Segment Start: Extracted information

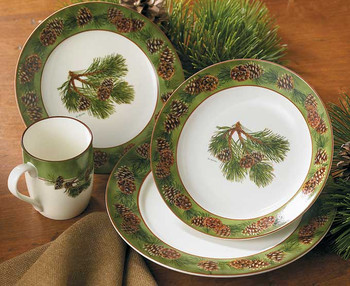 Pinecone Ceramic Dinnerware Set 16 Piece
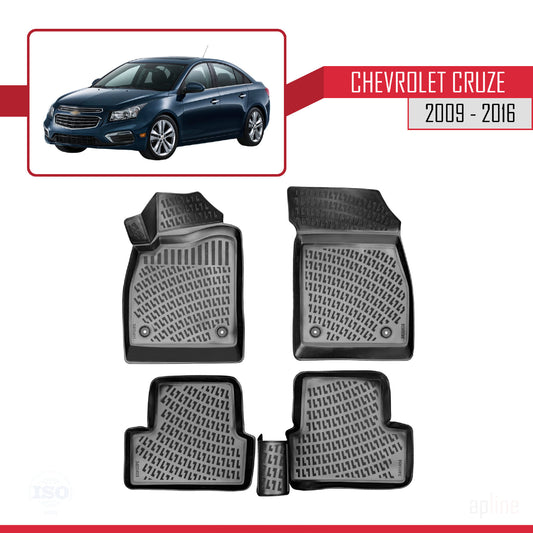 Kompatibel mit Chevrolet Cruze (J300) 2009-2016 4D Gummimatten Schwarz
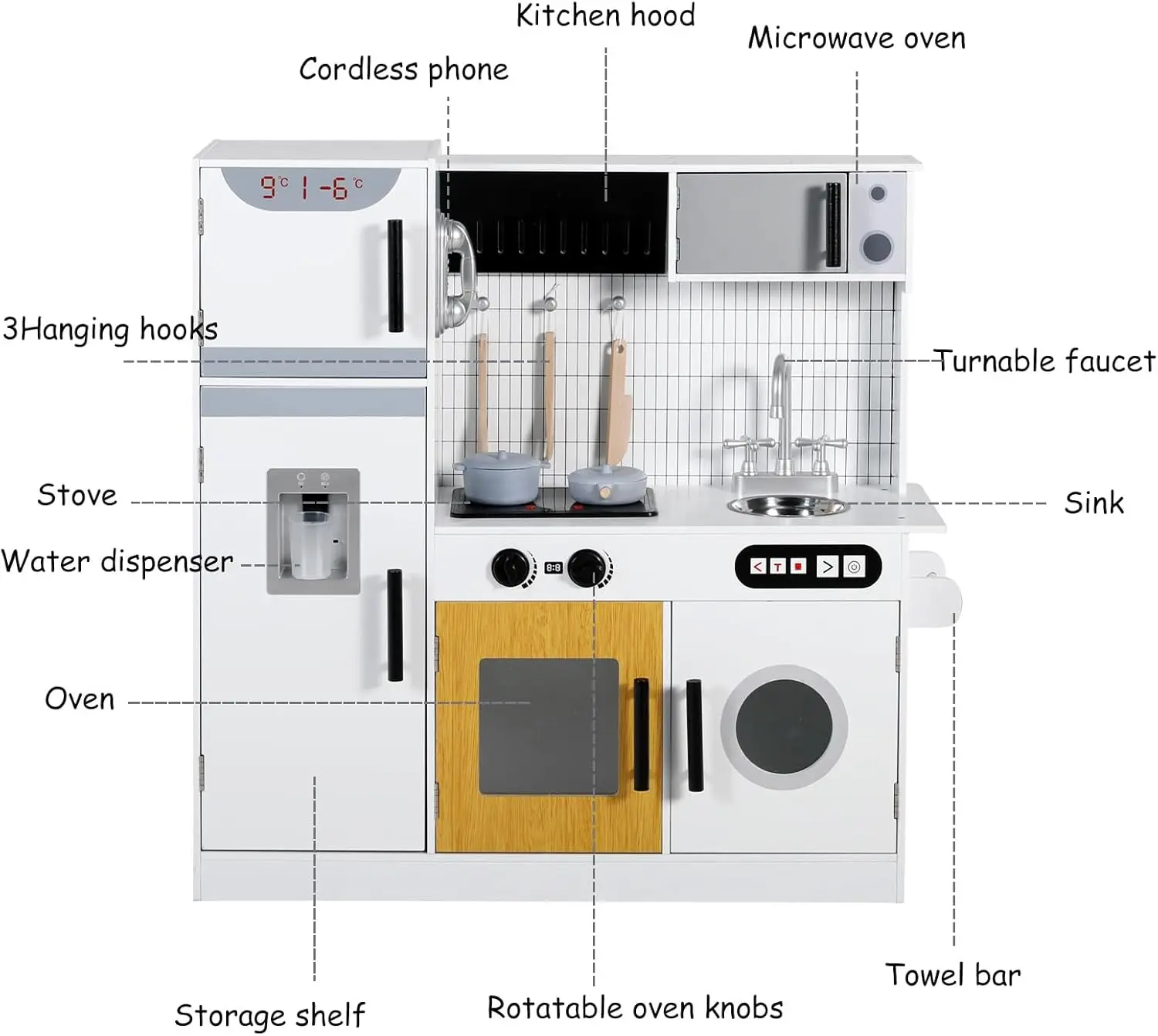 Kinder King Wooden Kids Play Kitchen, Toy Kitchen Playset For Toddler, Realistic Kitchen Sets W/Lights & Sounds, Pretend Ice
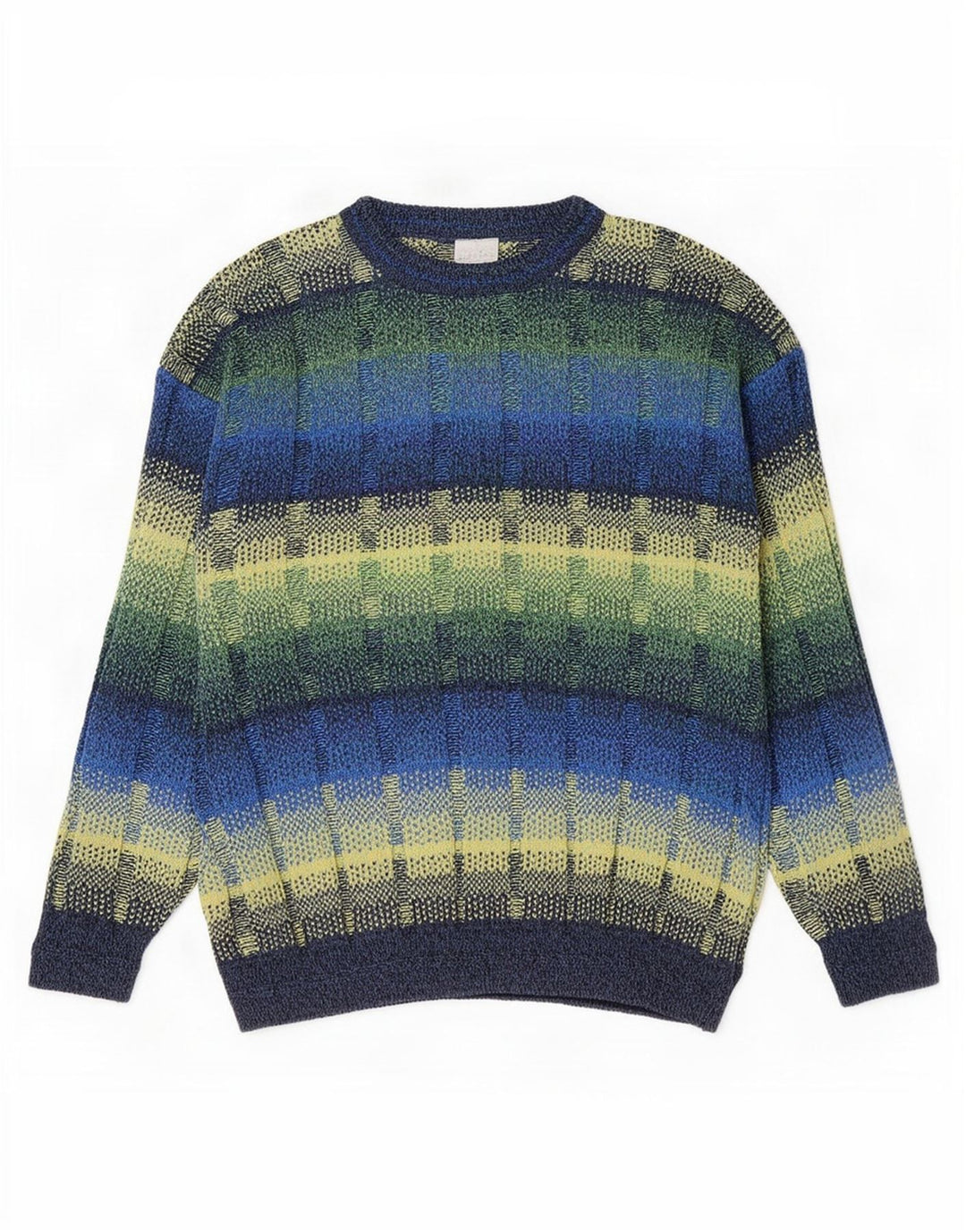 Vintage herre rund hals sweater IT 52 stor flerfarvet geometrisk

Segment End: Extracted information
Segment Start: Extracted information

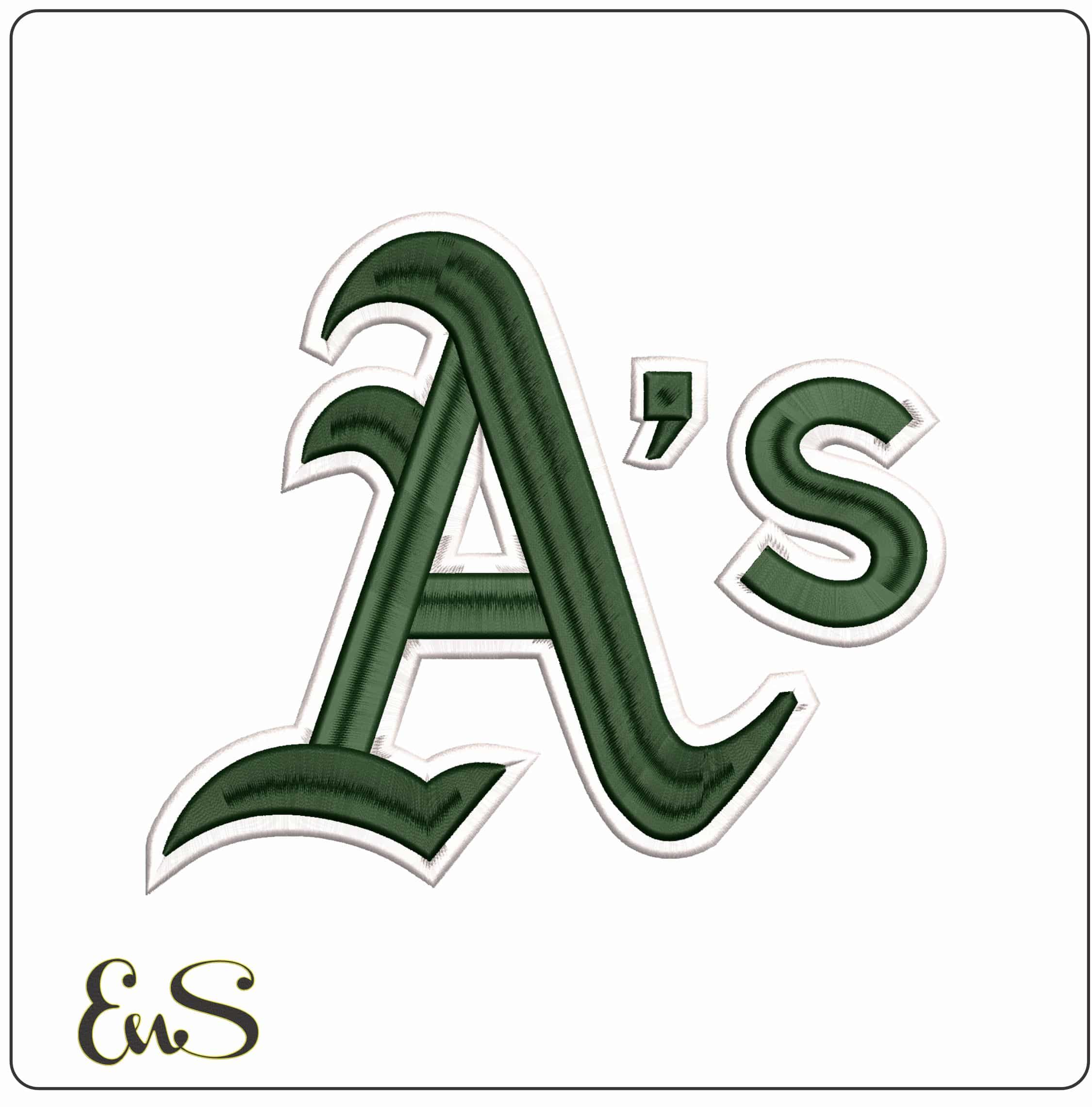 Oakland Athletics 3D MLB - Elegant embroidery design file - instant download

Segment End: Extracted information

**What you are asked to do**
Output only the stretch above from the line with "Pinecone Ceramic Dinnerware Set 16 Piece" through the line with "Vintage herre rund", reproduced exactly. Exclude pictures.

**Response to the task**
 Pinecone Ceramic Dinnerware Set 16 Piece
 Kompatibel mit Chevrolet Cruze (J300) 2009-2016 4D Gummimatten Schwarz
 Kinder King Wooden Kids Play Kitchen, Toy Kitchen Playset For Toddler, Realistic Kitchen Sets W/Lights & Sounds, Pretend Ice
 Vintage herre rund hals sweater IT 52 stor flerfarvet geometrisk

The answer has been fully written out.